#### What you will do:
Starting at the line below with "X0000116770031201001141500" and stopping at the line with "Common Nettle - Urtica", please print each line exactly, those two included, and skip every picture.

┏━━

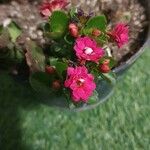 Kalanchoe blossfeldianaBlüte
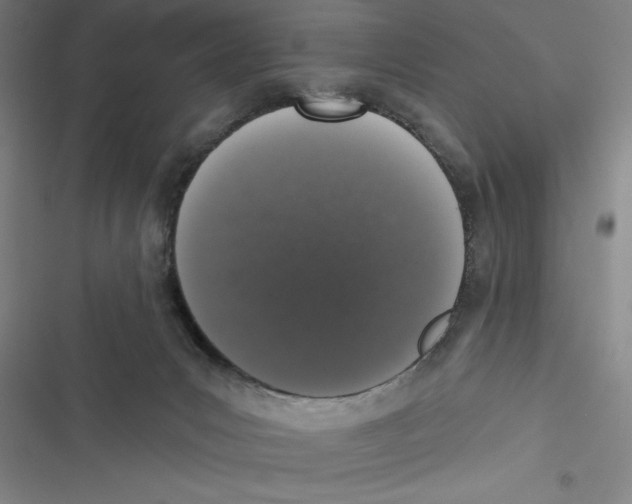 X0000116770031201001141500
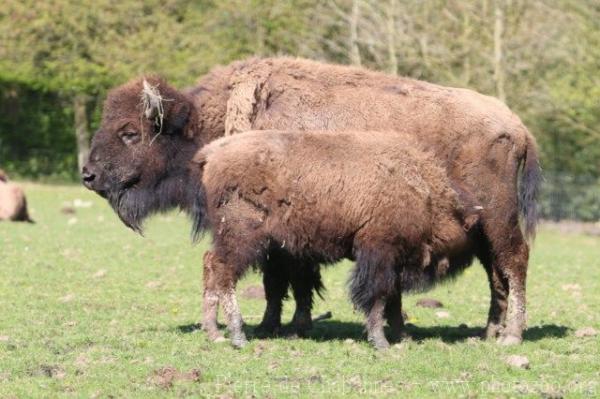 Plains bison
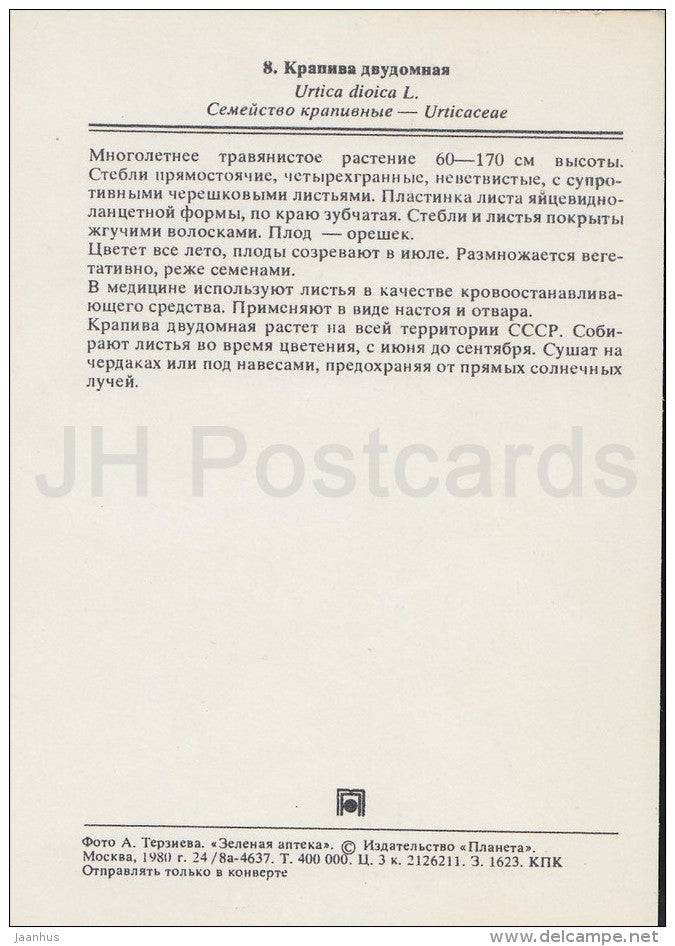Common Nettle - Urtica dioica - Medicinal Plants - Herbs - 1980 - Russia USSR - unused - JH Postcards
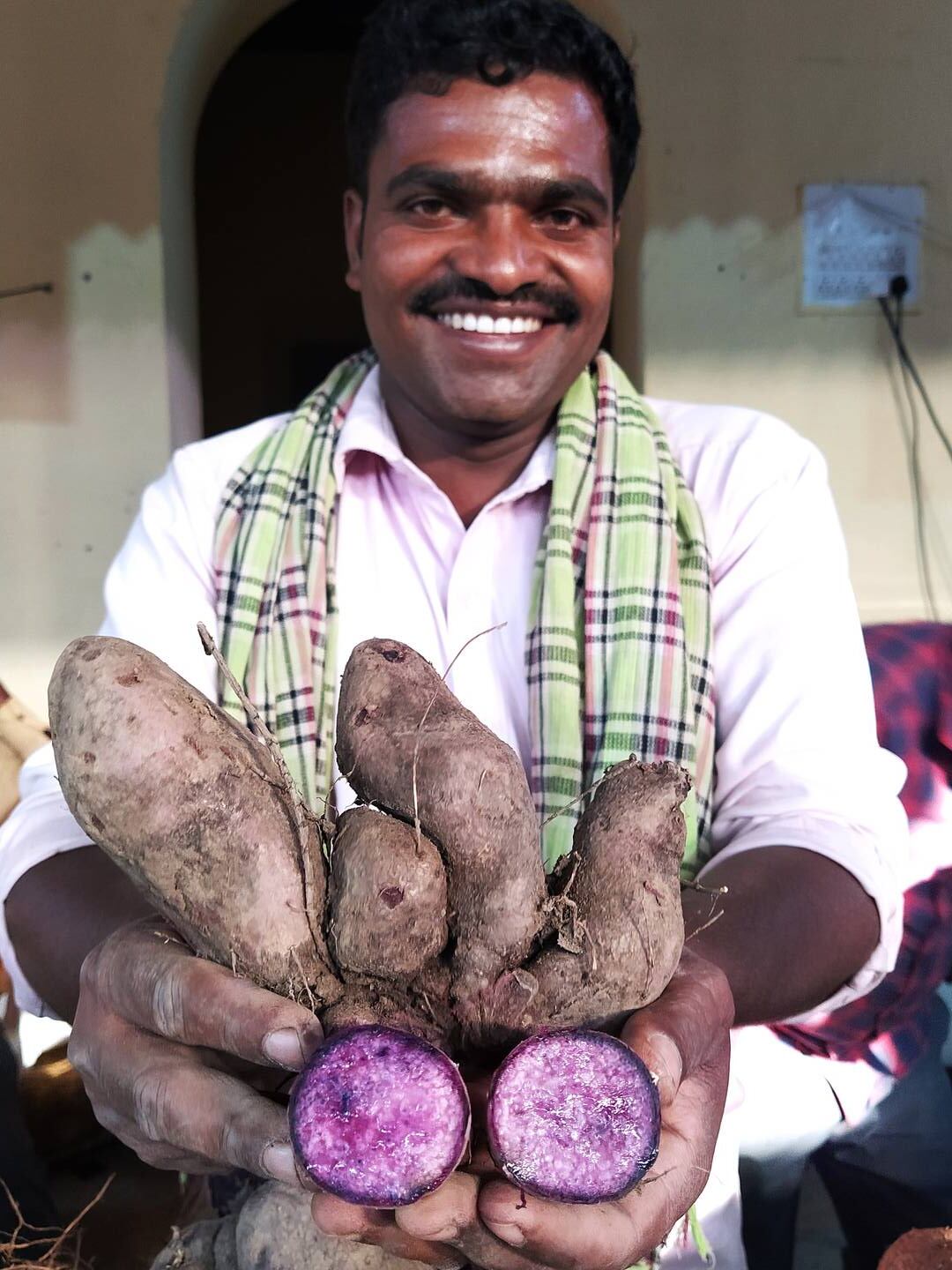 Purple Yam ist ein vergessenes Lebensmittel, das zunehmend auf Wurzel- und Knollenmessen in Indien vorgestellt wird.  Foto: G. Krishna Prasad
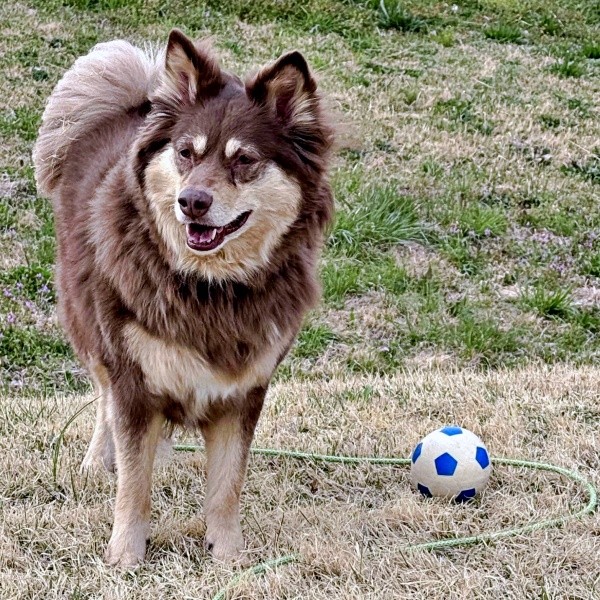 ボール遊びを楽しむ神楽ちゃん（画像提供：kaguramama_makiさん）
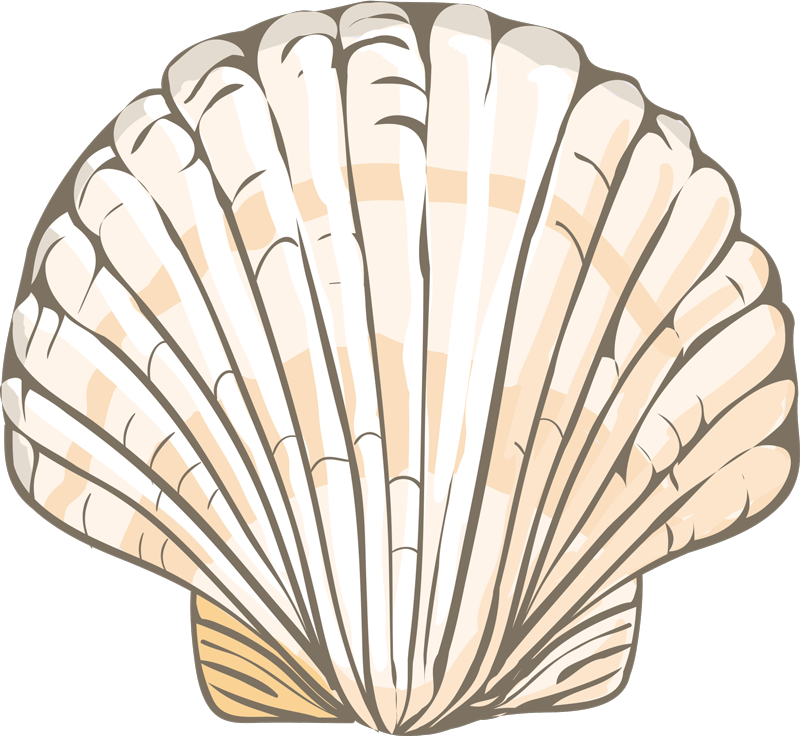Seashell Illustration animal vinyl rug - TenStickers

┗━━

#### Response below:
 X0000116770031201001141500
 Plains bison
Common Nettle - Urtica dioica - Medicinal Plants - Herbs - 1980 - Russia USSR - unused - JH Postcards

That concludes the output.